When an artist takes her career into her own hands à la Thomson, she has joined the Do It Yourself movement — the same supernatural guiding force that stirs poets to print their own chapbooks or actors to recite Shakespeare in the street. For years, artists — writers, painters, musicians — have been forcibly separated from potential audiences by the multinational corporations that control most of the avenues of visual, verbal, and audio communication. The Suits want disposable pop that generates profits. Artists want to explore their frequently messy, frequently unpopular muses. Fed up with the establishment’s persistent stonewalling, artists have spent the past decade circumventing corporate barriers to create alternative lines of communication with audiences. An exaggerated example is the Texas DJ who never received a second’s worth of commercial radio airplay but made a mint by selling mixed cassettes of his handiwork from the front door of his South Houston house.
“Since mainstream media is locked up by corporations, don’t bother with it,” said Jeff Ferrell, TCU sociology professor and author of several socio-cultural books, including Tearing Down the Streets: Adventures in Urban Anarchy. “Do it yourself.”
The cutesy term for the underground ecosystem that the DIY ethos precipitates is “Xerocracy,” as in “rule by Xerox machine.” The moniker comes from the idea that a writer whose work may be too shocking, confrontational, or politically charged to be published in newsstand publications can always make copies of that work and distribute them by hand.
Yes, Fort Worth has a Xerocratic culture, and it’s been around a long time. But only recently has the city’s particular variety of DIY anti-government gained enough momentum to qualify as even a minor movement. “Fort Worth’s is small, but it’s thriving,” Ferrell said. “I hope it continues growing, in a DIY fashion.”
The escalating polarization between Fort Worth’s progressive, arty community and the conservative establishment helps explain this revitalized underground phenomenon. November’s presidential election, in which Tarrant County gave President Bush his second largest margin of victory in the nation over Senator John Kerry, energized and united the area’s progressive, avant-garde artists, art appreciators, and members of progressive grassroots organizations. They’re marshaling their myriad talents in the service of one goal — to counter the colossal tide of conservativism that progressives feel is threatening to swamp Fort Worth in red-state intransigence.
“There’s a range of alternative, progressive social movements not linked by affiliations but by culture,” Ferrell said . “If you change the way a city looks, you’re changing perception.”
When fighting for your beliefs, you better have a weapon handy. Progressives have a couple, including cheap, accessible computer technology. The problem is that, while the internet is an easy, relatively painless way to reach large numbers of people, it’s also feeble. A single message or image is likely to be quietly smothered by the zillions of other messages, images, and sound bites clogging the airwaves and cyberspace.
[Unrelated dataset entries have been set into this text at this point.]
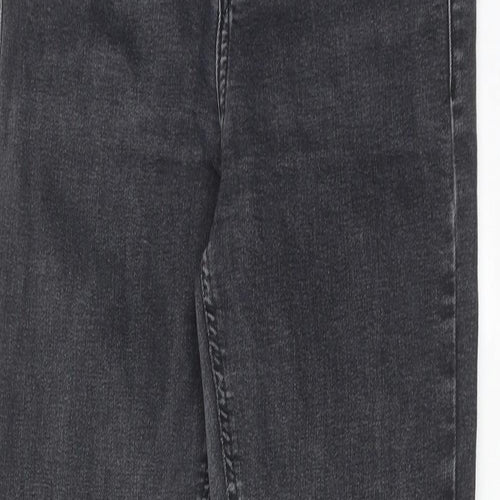 Topshop Womens Grey Cotton Skinny Jeans Size 28 in L32 in Regular Zip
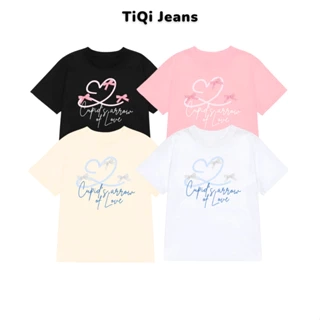 Áo thun baby tee cupid's arrow of love TiQi Jeans chất cotton co giãn 2 chiều thoáng mát AB-23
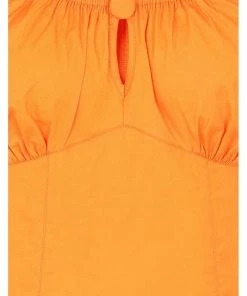 Hell Bunny Melissa 50's Top Orange Colour New In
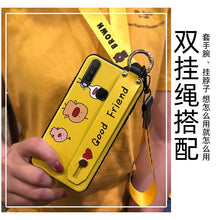 Load image into Gallery viewer, 爆款VIVO Y17手机壳腕带支架保护套Y3/Y15/Y12可爱卡通挂绳软壳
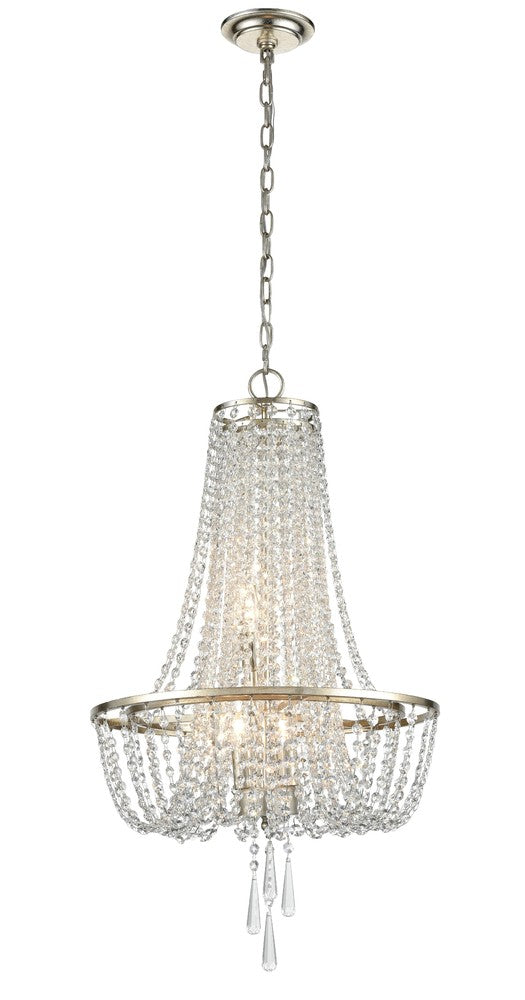 Crystorama ARCADIA ARC-1907-SA-CL-MWP Chandelier Contemporary - Antique Silver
Progressives say their more formidable tool is actually centuries-old — good old-fashioned art.
Not all of it always has to be Art-with-a-capital-A. Creative ways of fostering environments where Art can thrive are also effective, like a local business where spoken-word poets can regularly perform or a building that’s part music venue, part ideological statement. The Art also doesn’t always have to be overtly political. In the context of a fancy restaurant, a well-orchestrated avant-garde painting can rattle cages as violently as a pro-choice speech at Sunday services. Some head-turning art is either progressive (concerned with politics) or avant-garde (made from crazy shapes and sounds), but a lot is both — and is still an effective way to assert beliefs. “All art, in some form or another, challenges the status quo,” wrote noted author Peter Guralnick. Ramsey Sprague, an integral member of a couple of local progressive grassroots organizations, concurs: “Art keeps the lines of communication open. Creativity is universal. There’s a communion that comes with art.”


While we were all sleeping a couple of years ago, Fort Worth quietly became a boom town. Office buildings, apartments, and high-rises have been popping up all over the place. Real estate prices have gone into the stratosphere, well out of the range of a majority of the population.
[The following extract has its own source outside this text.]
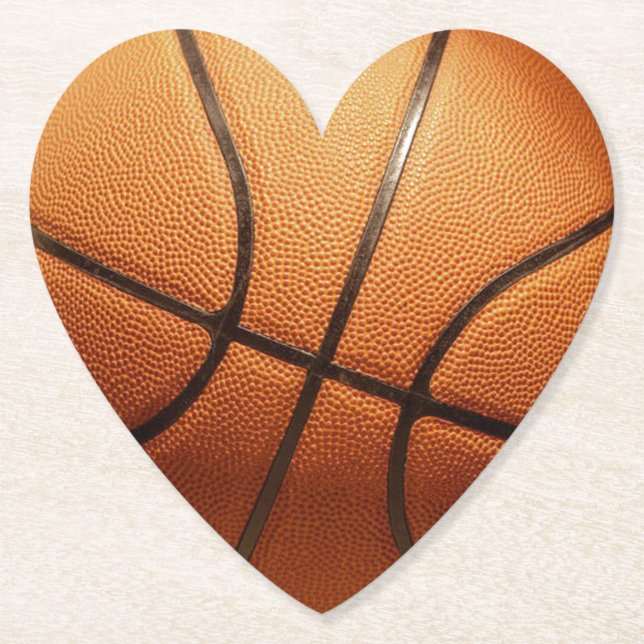 Orange Basketball Underlägg Papper (Framsida)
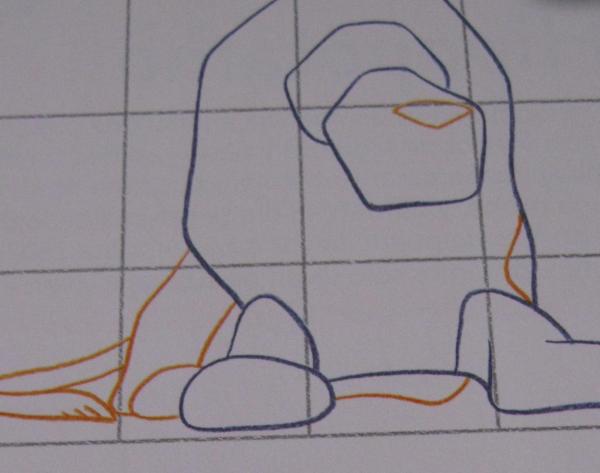 Cómo dibujar un león - Paso 3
The invasion of developers hit one specific group of progressive artists pretty hard. Unlike painters or writers, performance artists need space — and musicians need lots of it. (Amps and PA systems can swallow entire rooms.) Sure, a band can perform in its garage and charge a $10 cover at the driveway entrance, but even the most talented group of musicians isn’t going to get very far that way. The number of venues in Fort Worth that cater to progressive performance artists could be counted on one hand.
That list is still short, but one place is trying to pick up the slack. On a stretch of Hemphill Avenue crowded with apartment complexes, fast-food joints, and convenience stores sits a white, two-story structure whose front window overlooks a collection of randomly stacked car tires that overflows with healthy vegetation, and whose façade swirls with graffiti — commissioned graffiti. The place is 1919 Hemphill, and while it’s more of an idea in the form of a building, it has become a destination for Fort Worth’s progressively minded musicians and music lovers.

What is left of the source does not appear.